• Exercise requirements: Once the pictures are set aside, reproduce the remaining data exactly.

• Data below:
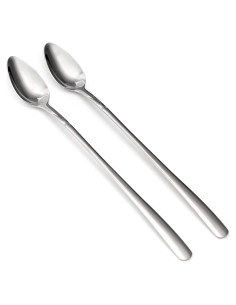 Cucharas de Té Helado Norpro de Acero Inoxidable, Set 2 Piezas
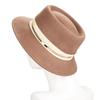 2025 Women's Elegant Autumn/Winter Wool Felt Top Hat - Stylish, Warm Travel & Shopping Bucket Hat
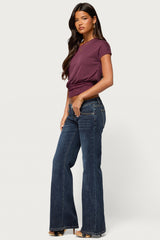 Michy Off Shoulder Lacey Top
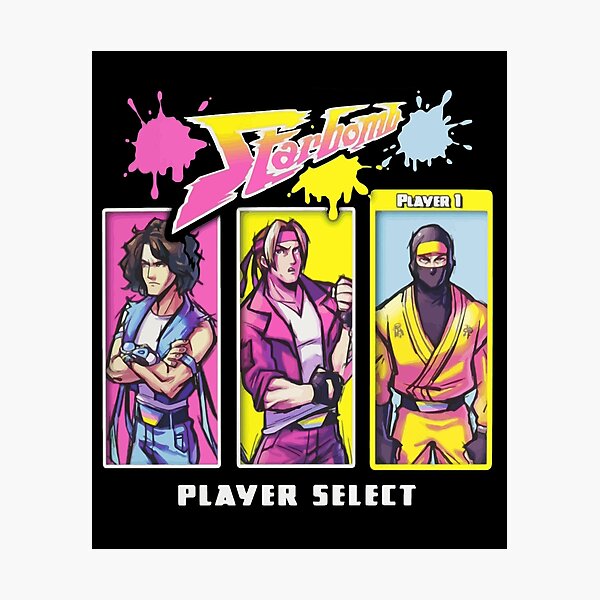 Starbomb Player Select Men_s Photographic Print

• Result for this exercise:
 Cucharas de Té Helado Norpro de Acero Inoxidable, Set 2 Piezas
 2025 Women's Elegant Autumn/Winter Wool Felt Top Hat - Stylish, Warm Travel & Shopping Bucket Hat
 Michy Off Shoulder Lacey Top
 Starbomb Player Select Men_s Photographic Print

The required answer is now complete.